Garda cold case detectives are carrying out a fresh review into the disappearance of JoJo Dullard in the hope of uncovering new lines of inquiry in the case.
The Kilkenny woman has been missing for more than 24 years. Her last known movements were when she was trying to get a lift home from the village of Moone, Co Kildare.
Ms Dullard was just 21 when she disappeared on November 9, 1995, but despite extensive investigations, she has not been found.
Senior investigators have now said the review into the disappearance will look at the evidence gathered from the first day.
Det Chief Supt Walter O'Sullivan, of the Serious Crime Review Team, told the Irish Independent that interviews carried out previously will also be reviewed.
The Dullard family have said the review gives them hope, and have appealed for those with information to come forward.
Kathleen Bergin, Ms Dullard's sister, told the Irish Independent: "We had meetings before this and we wanted the gardaí to review the case.
"We met in March of this year, and we have been formally told they will be reviewing the case.
"They are getting their information together and we have met (Garda Commissioner) Drew Harris.
"I just want to make sure they have enough manpower and resources. They will go more in-depth into [it] this time. It gives us hope and someone has information.
"Someone has information, and we need them to come forward and help us. We can't do it without them."
Ms Bergin added: "People might not want to go to a Garda station, but if gardaí go to them... it's 24 years and circumstances change for people. There are people who know what happened.
"I would ask people to keep an open mind. We need them to come forward.
"Someone made a choice to take JoJo and she had her whole future ahead of her.
"People can end this nightmare for us. We just want to bring her home. It's the decent thing to do. The biggest gift they could give us is to tell us what happened to JoJo.

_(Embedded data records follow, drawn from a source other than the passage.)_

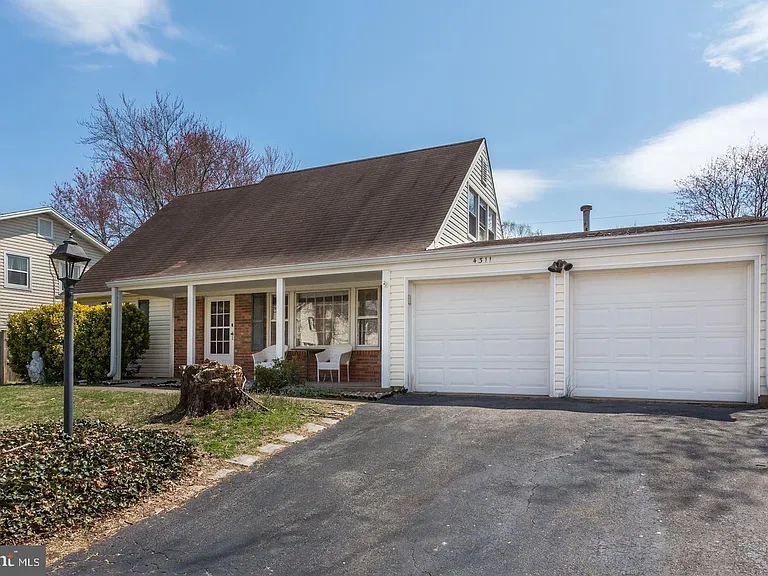 4311 Pergate Ln — Photo 4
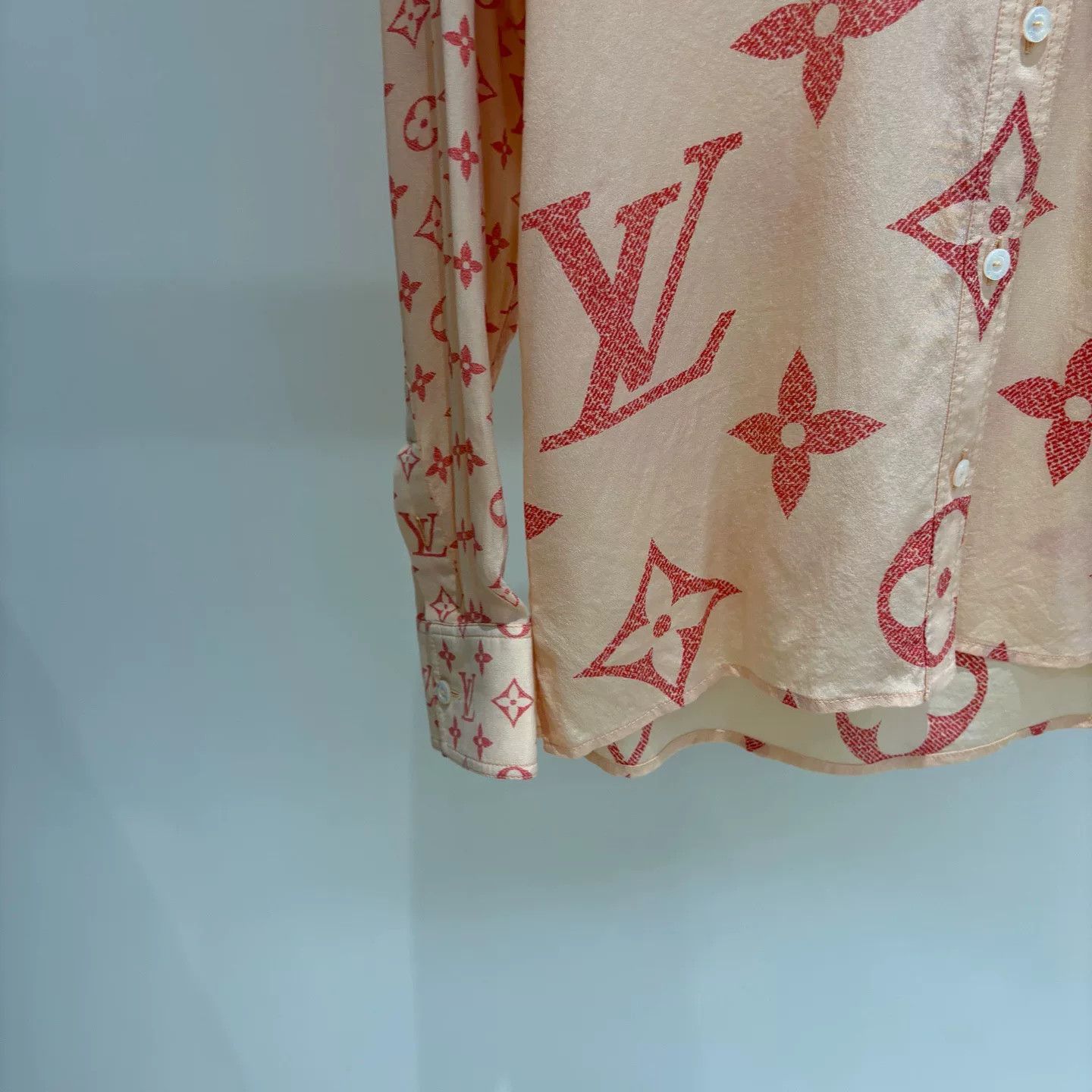 Louis Vuitton Louis Vuitton Silk Monogram Shirt Size S / US 4 / IT 40 - 5 Thumbnail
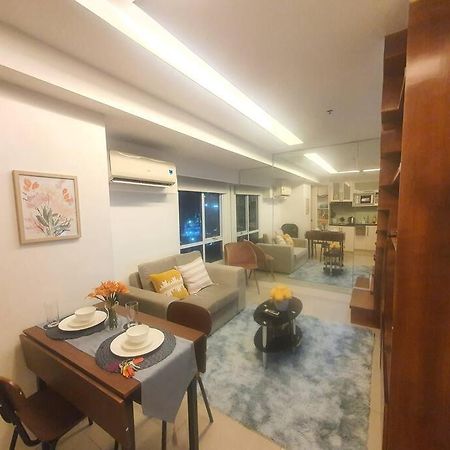Bgc Taguig Cozy 2 Bedroom Loft, With Stunning Bgc Skyline View! Manila Exterior photo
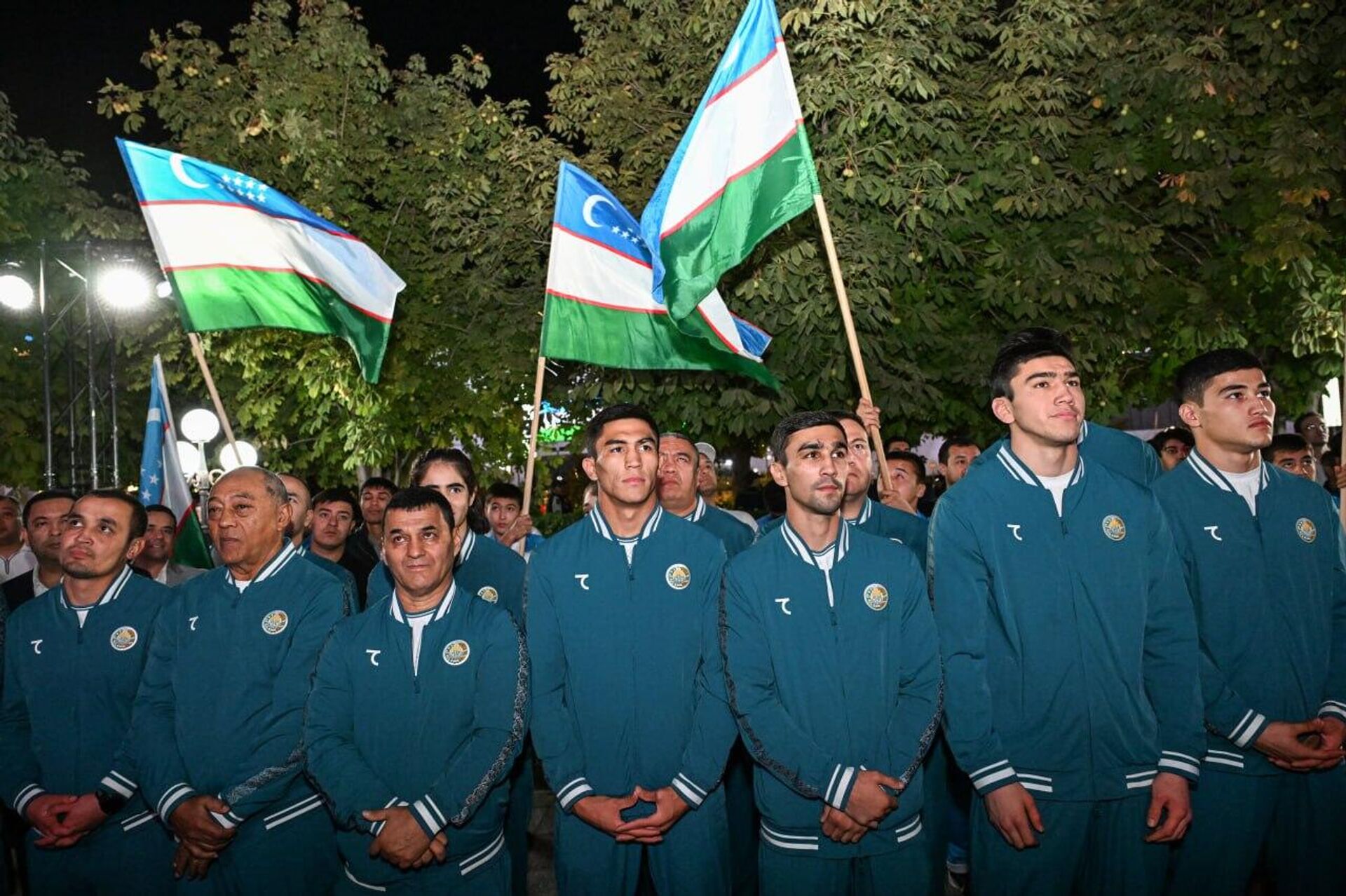 Герои чемпионатов мира были достойно награждены Герои чемпионатов мира были достойно награждены - Sputnik Узбекистан, 1920, 19.09.2025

Ms Bergin was speaking at the seventh annual National Missing Persons Day at King's Inns, Dublin, yesterday.
The event was attended by dozens of families of missing people, as well as gardaí involved in the investigations, Garda Commissioner Drew Harris and Junior Minister David Stanton.
RTÉ's Barry Cummins, who hosted the event, said the venue had changed in recent years, with the numbers attending growing every year.